DATA FOR THE TASK
[Start of section]

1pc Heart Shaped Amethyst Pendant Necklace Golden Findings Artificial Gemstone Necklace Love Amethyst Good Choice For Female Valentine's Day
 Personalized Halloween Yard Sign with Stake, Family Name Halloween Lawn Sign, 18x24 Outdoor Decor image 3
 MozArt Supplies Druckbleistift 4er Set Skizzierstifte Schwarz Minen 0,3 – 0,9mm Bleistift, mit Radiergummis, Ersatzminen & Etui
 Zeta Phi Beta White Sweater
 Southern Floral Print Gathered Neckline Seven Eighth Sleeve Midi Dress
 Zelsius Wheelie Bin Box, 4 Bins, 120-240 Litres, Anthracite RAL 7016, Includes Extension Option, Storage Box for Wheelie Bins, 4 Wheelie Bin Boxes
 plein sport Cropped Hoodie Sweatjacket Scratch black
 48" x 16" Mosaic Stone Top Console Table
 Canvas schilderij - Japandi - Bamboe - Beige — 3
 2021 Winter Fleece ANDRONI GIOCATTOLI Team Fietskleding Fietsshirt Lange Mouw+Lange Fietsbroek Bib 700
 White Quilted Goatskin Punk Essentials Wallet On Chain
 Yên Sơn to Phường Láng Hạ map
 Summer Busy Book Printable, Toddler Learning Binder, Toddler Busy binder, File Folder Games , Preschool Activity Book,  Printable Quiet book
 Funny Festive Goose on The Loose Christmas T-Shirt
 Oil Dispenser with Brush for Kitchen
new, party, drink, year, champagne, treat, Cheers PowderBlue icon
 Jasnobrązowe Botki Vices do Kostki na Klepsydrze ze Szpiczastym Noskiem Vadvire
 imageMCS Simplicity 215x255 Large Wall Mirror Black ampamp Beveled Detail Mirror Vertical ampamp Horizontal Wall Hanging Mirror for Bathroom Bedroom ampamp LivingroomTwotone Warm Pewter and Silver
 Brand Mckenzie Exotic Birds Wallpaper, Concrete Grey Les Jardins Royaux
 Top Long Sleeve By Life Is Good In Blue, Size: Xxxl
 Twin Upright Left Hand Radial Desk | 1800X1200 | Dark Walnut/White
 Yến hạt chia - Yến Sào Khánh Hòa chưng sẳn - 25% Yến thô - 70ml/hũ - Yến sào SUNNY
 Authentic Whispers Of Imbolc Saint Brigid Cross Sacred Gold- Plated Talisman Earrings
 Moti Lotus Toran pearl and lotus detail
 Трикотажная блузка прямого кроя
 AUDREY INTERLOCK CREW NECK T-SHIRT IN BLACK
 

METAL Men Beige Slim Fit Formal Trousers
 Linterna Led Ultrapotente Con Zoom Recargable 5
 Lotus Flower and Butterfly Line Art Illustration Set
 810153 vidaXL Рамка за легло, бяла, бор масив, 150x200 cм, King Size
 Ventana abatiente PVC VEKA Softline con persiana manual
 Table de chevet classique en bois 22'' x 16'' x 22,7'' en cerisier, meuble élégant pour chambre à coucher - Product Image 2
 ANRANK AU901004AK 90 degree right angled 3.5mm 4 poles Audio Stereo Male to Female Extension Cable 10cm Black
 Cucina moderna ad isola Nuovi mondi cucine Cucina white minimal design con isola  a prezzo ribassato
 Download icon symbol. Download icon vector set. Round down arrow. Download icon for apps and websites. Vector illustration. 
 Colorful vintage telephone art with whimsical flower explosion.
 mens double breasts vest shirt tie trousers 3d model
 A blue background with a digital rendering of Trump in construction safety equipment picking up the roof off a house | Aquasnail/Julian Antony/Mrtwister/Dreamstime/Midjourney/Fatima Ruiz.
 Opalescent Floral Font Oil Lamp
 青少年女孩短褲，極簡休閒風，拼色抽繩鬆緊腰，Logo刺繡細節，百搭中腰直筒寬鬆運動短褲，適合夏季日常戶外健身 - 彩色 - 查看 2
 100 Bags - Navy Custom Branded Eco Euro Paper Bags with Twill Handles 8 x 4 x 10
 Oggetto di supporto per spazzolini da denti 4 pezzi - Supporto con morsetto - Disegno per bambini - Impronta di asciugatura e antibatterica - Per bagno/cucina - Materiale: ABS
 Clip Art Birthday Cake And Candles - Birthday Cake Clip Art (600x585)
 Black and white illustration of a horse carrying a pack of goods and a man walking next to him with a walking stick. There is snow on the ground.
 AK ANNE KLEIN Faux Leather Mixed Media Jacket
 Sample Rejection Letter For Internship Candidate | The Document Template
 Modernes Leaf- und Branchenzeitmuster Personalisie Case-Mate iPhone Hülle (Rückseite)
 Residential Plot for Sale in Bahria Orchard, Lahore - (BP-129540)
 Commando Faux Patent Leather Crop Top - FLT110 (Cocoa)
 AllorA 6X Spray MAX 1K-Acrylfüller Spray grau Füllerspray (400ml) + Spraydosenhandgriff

[End of section]

TASK INSTRUCTIONS
In the material above, find the lines that contain "Extension" and show them.

RESULT OF THIS EXERCISE
 Zelsius Wheelie Bin Box, 4 Bins, 120-240 Litres, Anthracite RAL 7016, Includes Extension Option, Storage Box for Wheelie Bins, 4 Wheelie Bin Boxes
 ANRANK AU901004AK 90 degree right angled 3.5mm 4 poles Audio Stereo Male to Female Extension Cable 10cm Black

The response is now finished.